Supplied records →
========================================

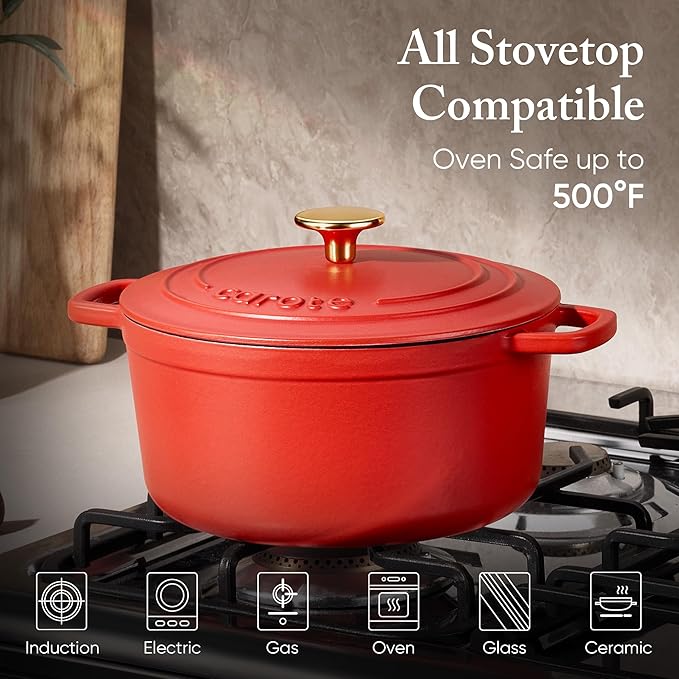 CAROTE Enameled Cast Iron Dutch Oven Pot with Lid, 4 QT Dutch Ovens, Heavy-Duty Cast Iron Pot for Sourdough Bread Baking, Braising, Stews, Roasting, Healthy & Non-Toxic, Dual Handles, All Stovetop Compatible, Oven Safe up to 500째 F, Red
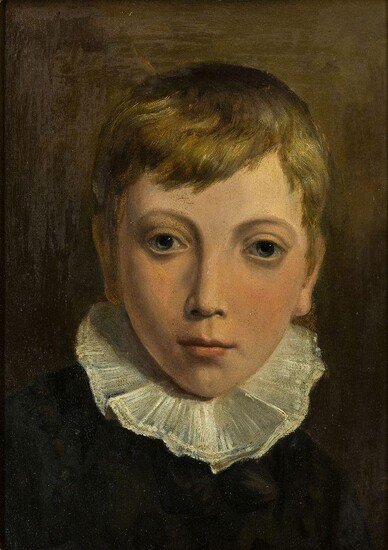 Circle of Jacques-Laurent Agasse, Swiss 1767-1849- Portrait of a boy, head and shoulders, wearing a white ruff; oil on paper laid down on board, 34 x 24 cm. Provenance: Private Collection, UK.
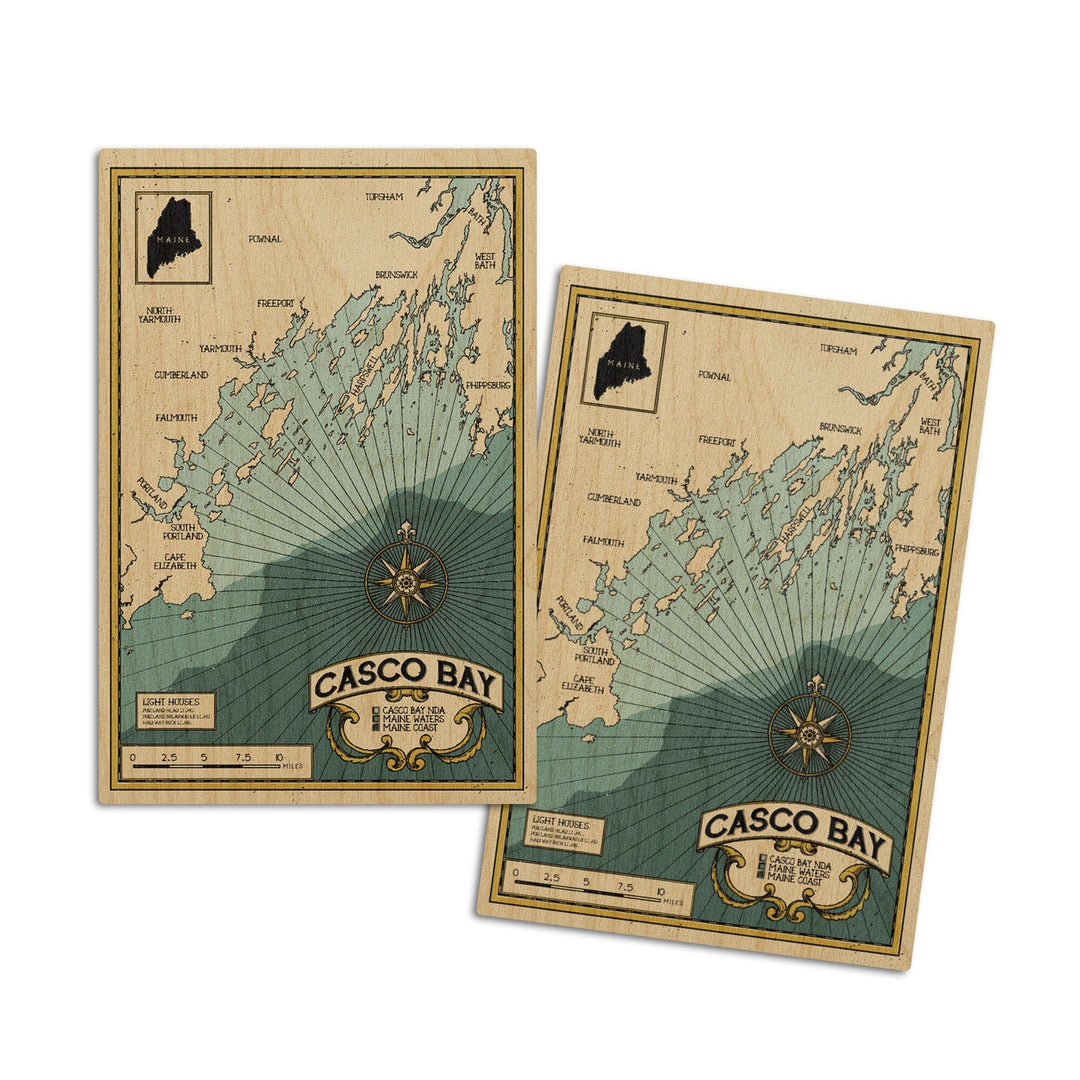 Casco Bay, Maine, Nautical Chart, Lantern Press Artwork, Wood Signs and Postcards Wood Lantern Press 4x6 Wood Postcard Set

========================================

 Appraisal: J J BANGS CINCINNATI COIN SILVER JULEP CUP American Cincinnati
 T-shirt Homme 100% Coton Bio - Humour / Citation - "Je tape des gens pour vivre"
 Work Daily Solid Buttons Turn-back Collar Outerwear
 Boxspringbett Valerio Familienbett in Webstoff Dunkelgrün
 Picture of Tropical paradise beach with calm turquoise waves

========================================

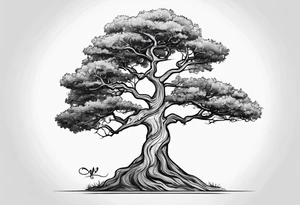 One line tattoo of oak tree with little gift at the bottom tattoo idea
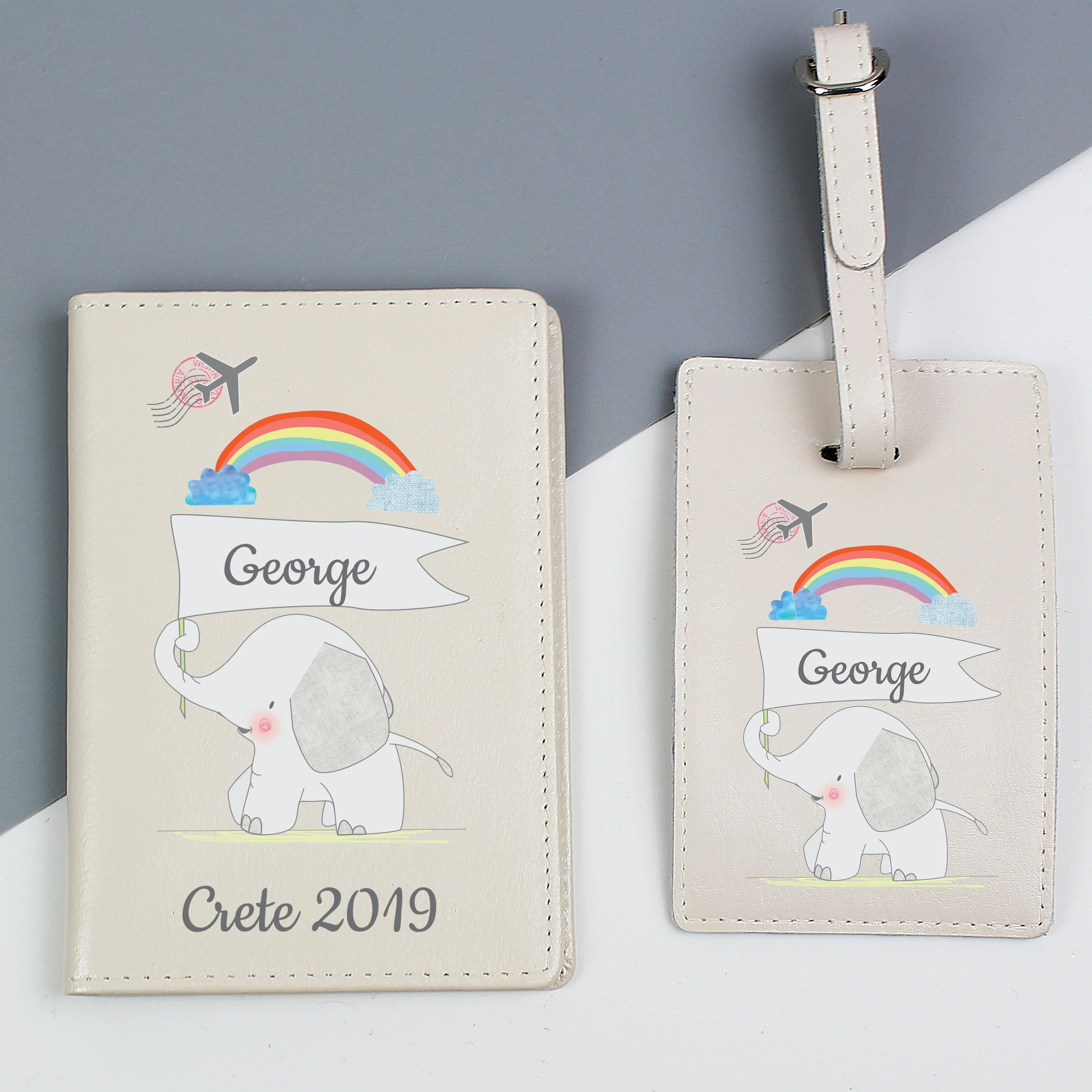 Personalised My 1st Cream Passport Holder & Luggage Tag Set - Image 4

========================================

Problem details → Above, find the line holding "CAROTE Enameled Cast" and the line holding "Casco Bay, Maine, Nautical". Print exactly those two lines and every line between them, but no pictures.

Completed task →
 CAROTE Enameled Cast Iron Dutch Oven Pot with Lid, 4 QT Dutch Ovens, Heavy-Duty Cast Iron Pot for Sourdough Bread Baking, Braising, Stews, Roasting, Healthy & Non-Toxic, Dual Handles, All Stovetop Compatible, Oven Safe up to 500째 F, Red
 Circle of Jacques-Laurent Agasse, Swiss 1767-1849- Portrait of a boy, head and shoulders, wearing a white ruff; oil on paper laid down on board, 34 x 24 cm. Provenance: Private Collection, UK.
 Casco Bay, Maine, Nautical Chart, Lantern Press Artwork, Wood Signs and Postcards Wood Lantern Press 4x6 Wood Postcard Set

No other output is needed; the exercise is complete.